Dolayısı ile işyerinde kiracı halen sizsiniz. Kiracılıktan kaynaklanan her türlü hakkınız kullanabilir, yeni gelen birinin işgaline son verilmesi için mahkemeye gitmeden kaymakamlıktan, bu kişinin tahliyesini talep etme hakkına sahip olursunuz. Buradan bir sonuç çıkmazsa mahkemeye başvurma imkanınız var. Üstelik bu işlemlerden doğan zararınızı da talep edebilirsiniz.
İşlemler geçersiz
Babam hacir altında malvarlığını ben idare ediyorum. Ancak babama bir banka kredi kartı vermiş o da bunu kullanmış. Şimdi para da ödenemiyor. Bu durumda ben ne yapayım • B.S.

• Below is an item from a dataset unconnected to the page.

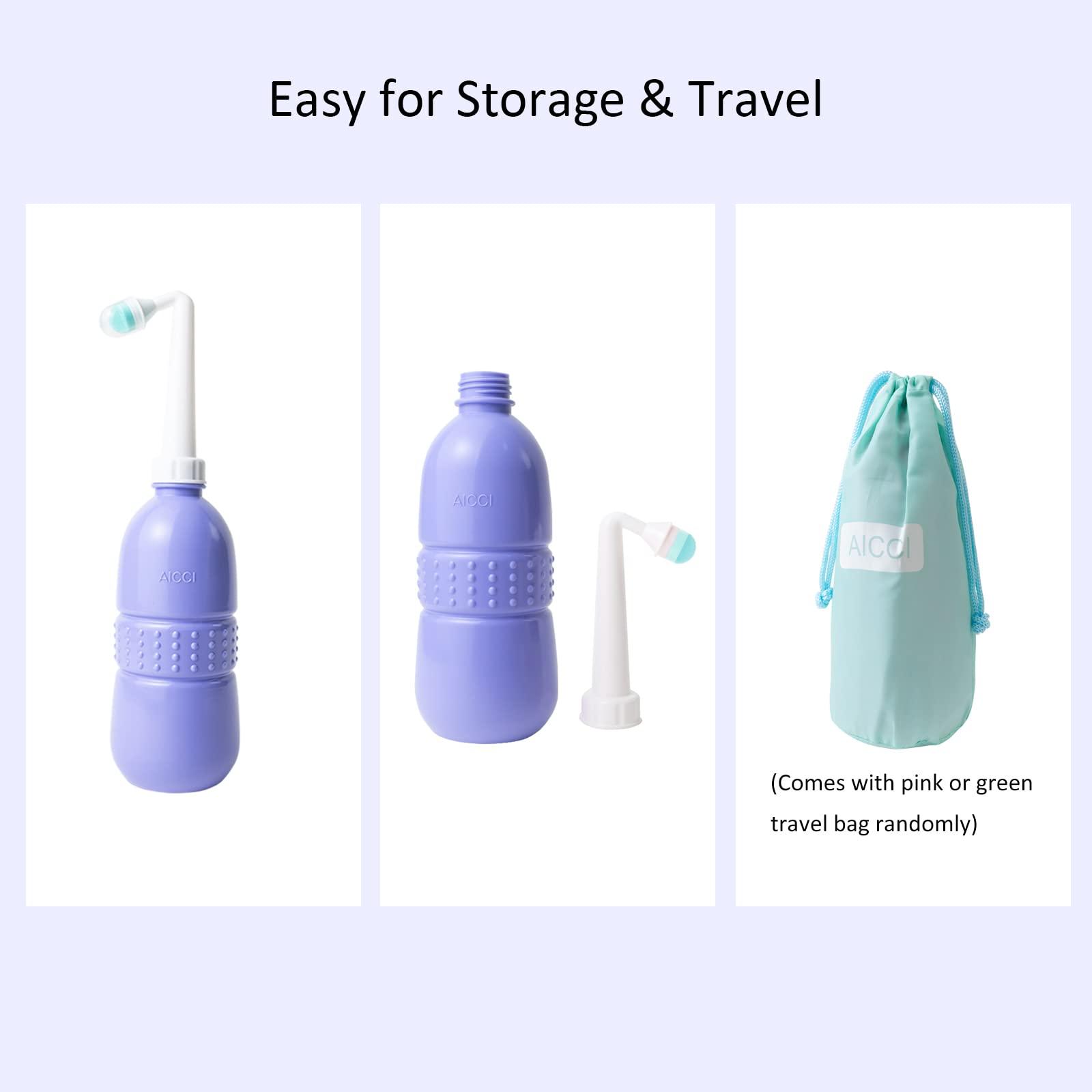 aicci aicci Peri Bottle for Postpartum Care, Portable Travel Bidet for Women, 17oz Large Capacity Perineal Bottle for Feminine Hygiene with Travel Bag and Angled Nozzle (Purple)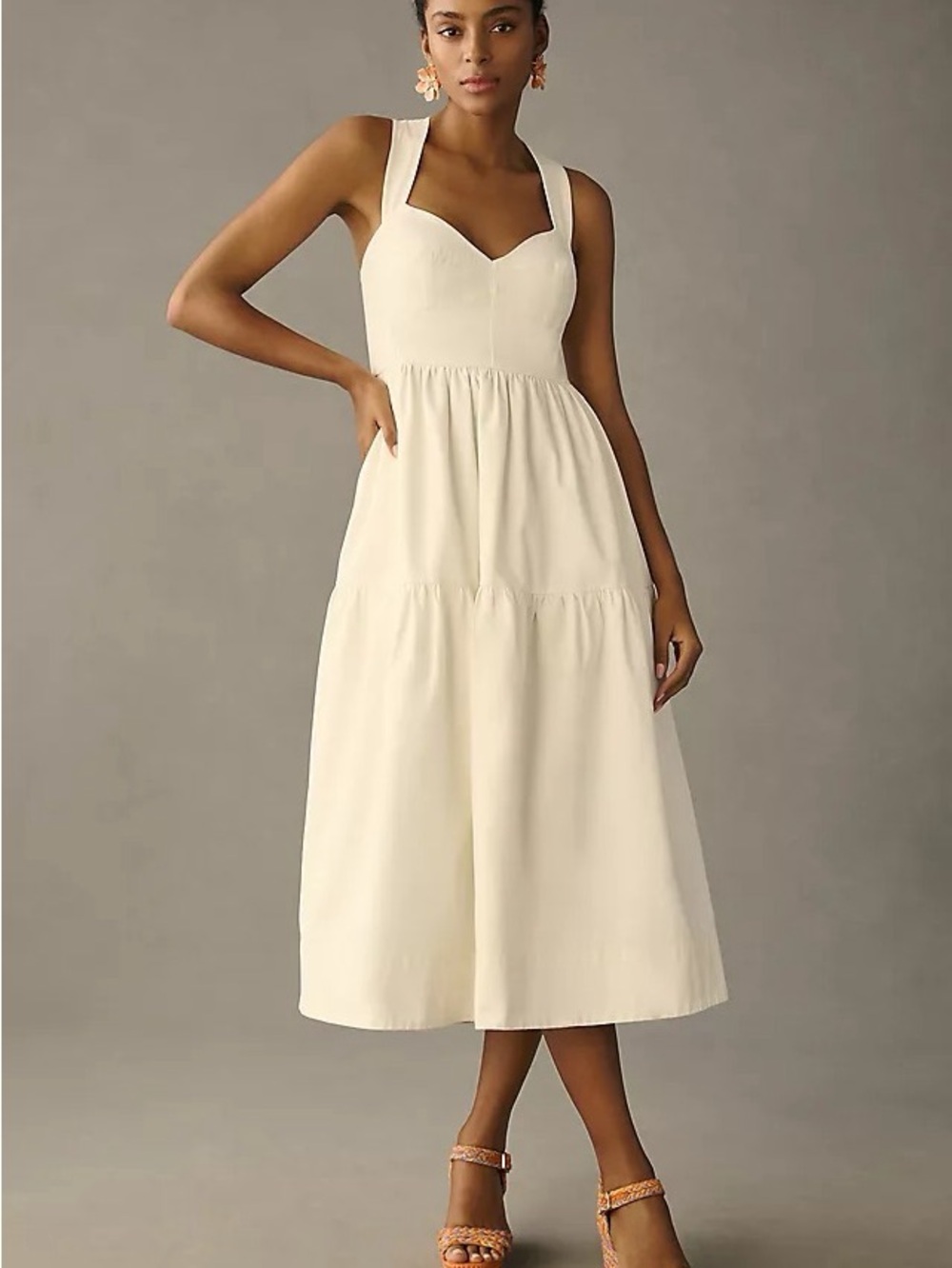 Anthropologie “Forever That Girl” Cream Denim Sweetheart-Neck Tiered Midi Dress - Picture 1 of 4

Siz bana hukuki durumu mu soruyorsunuz yoksa fiilen ne yapmalıyım mı diye soruyorsunuz ayıramadım ama ben ikisine göre de yanıt vereceğim. Önce hukuki durum: Hacir altında bulunan biri borçlanamaz. Borçlandırıcı muamele yapamaz. Dolayısı ile bankadan kredi kartı alamaz. Aldığı hallerde de ortaya çıkan borç ödenecek bir borç değildir. Çünkü yapılan muamele batıldır. Bir ihtimal yapılan muamele hacir altındaki kişinin menfaatine dahi olsa bunu vasinin yeniden yapması gerekir, işlem ancak bundan sonra geçerlik kazanır.
Dolayısı ile babanızın banka ile yaptığı işlem geçersizdir. Bu işin hukuki cephesi. Peki fiilen ne yapılabilir. Elbette birincisi babanızın hacir altında olduğunu ileri sürerek kredi kartı sözleşmesi yapamayacağını, yapılan sözleşmenin geçersizliğini bildirebilirsiniz. Peki bunların dışında ne yapabilirsiniz
Kendi kendinize “Babamın borcudur, bari ben ödeyeyim” deyip kredi kartı sözleşmesi geçerli gibi kabul edip borçları kapatıp arkasından kartı iptal ettirebilirsiniz. Tabii ki son söylediğim biraz hissi. Tercih sizin.